---------- Records supplied ----------

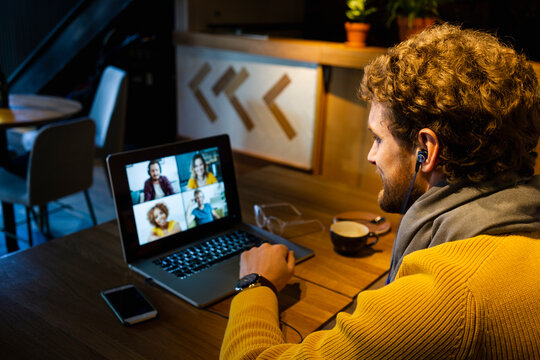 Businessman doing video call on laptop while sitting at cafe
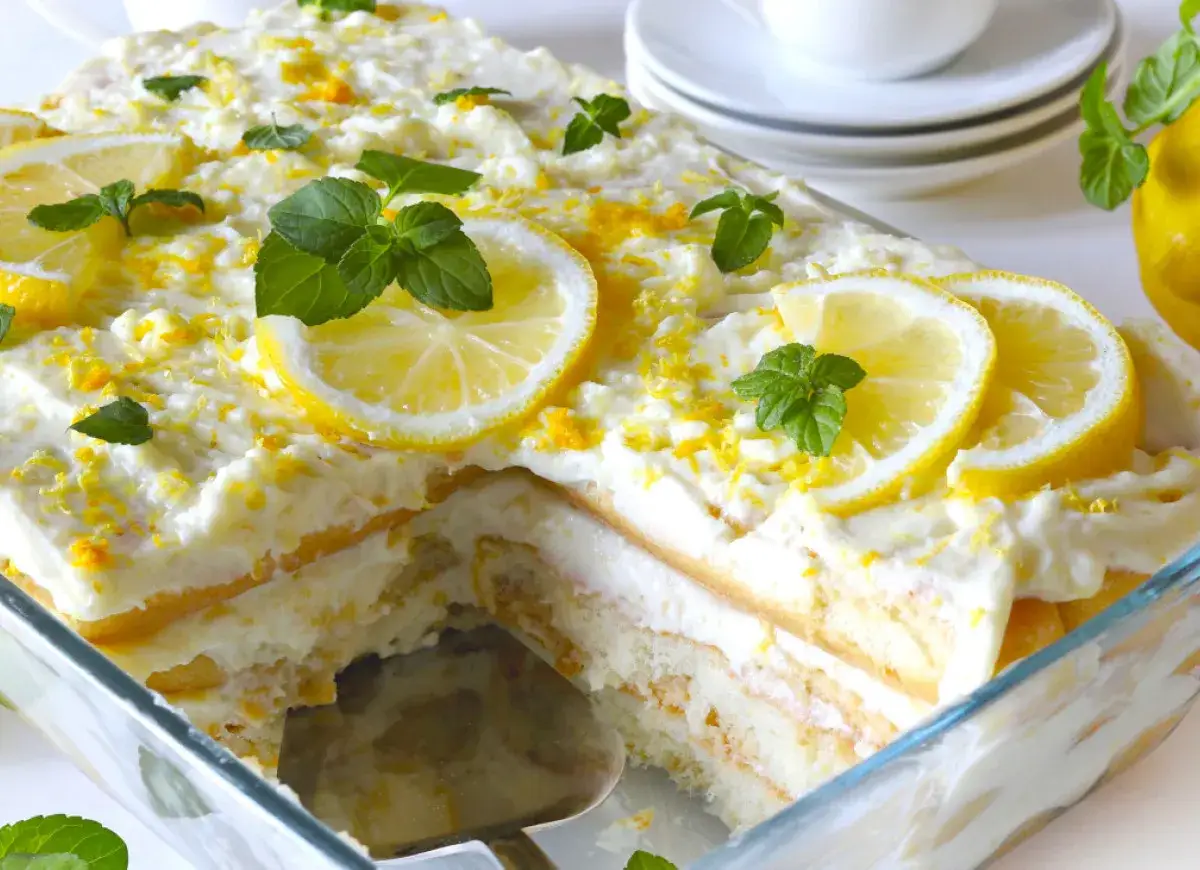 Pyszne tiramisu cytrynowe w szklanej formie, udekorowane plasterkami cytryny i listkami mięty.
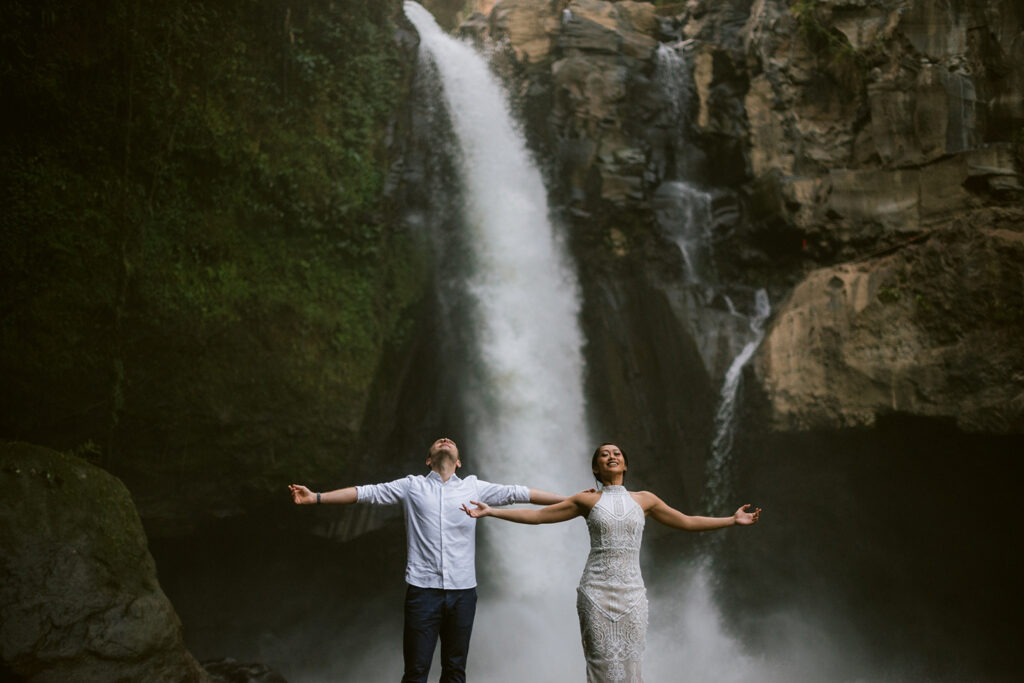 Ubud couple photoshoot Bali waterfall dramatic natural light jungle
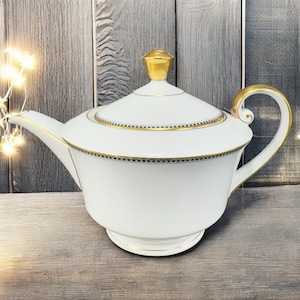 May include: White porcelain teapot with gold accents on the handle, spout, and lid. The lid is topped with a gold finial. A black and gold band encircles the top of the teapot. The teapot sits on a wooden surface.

----------
---------- Records supplied ----------

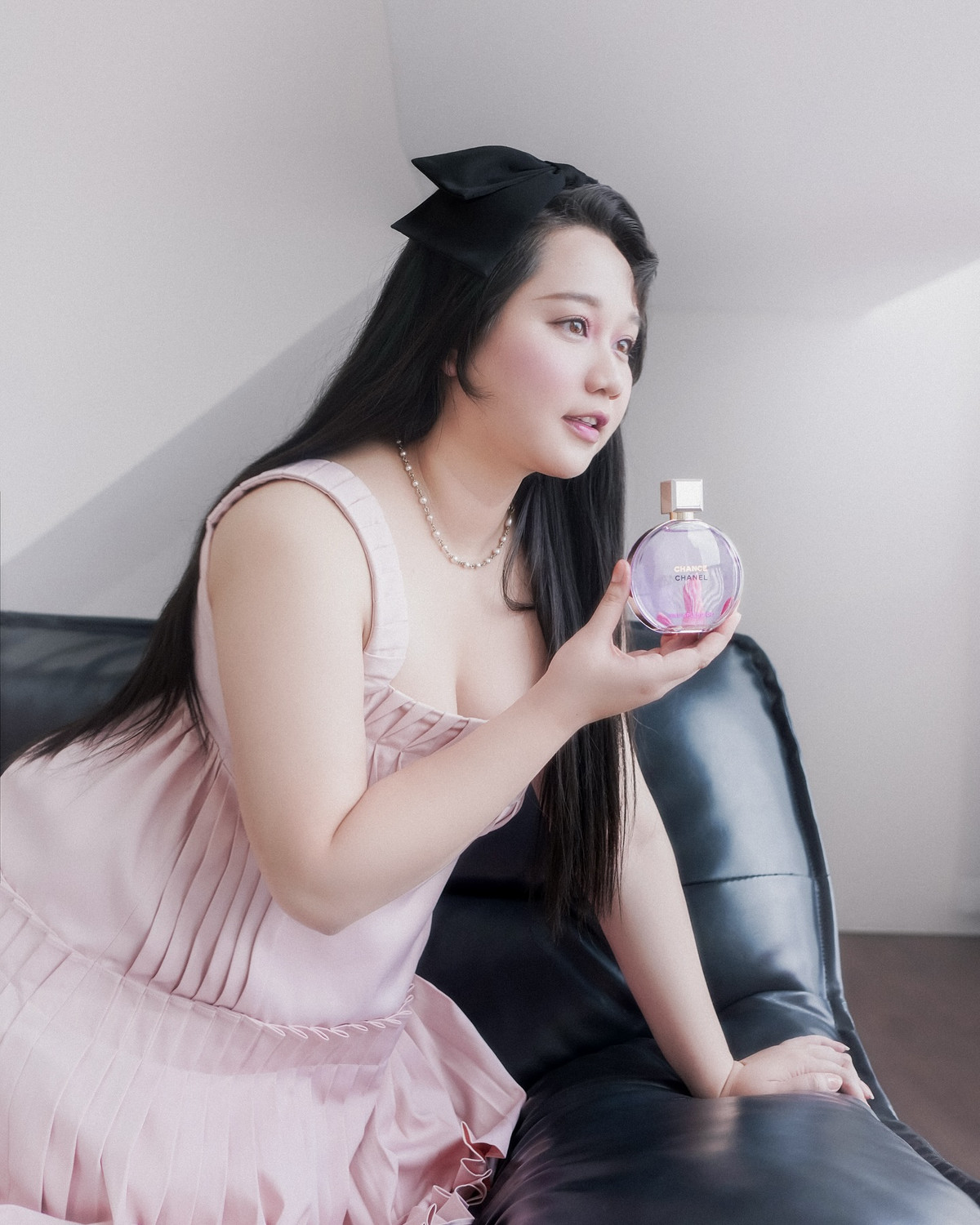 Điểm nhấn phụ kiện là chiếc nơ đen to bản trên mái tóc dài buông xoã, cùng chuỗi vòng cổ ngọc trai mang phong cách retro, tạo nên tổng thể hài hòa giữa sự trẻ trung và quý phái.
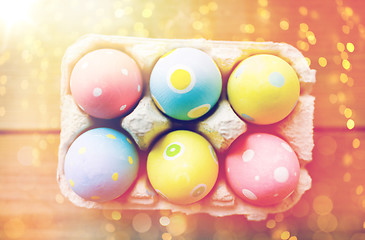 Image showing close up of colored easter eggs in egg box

----------

Those lines of the records above that run from the one containing "Pyszne tiramisu cytrynowe" through the one containing "Ubud couple photoshoot" should be returned exactly, with no pictures among them.

▶ **Exercise result**
 Pyszne tiramisu cytrynowe w szklanej formie, udekorowane plasterkami cytryny i listkami mięty.
 Ubud couple photoshoot Bali waterfall dramatic natural light jungle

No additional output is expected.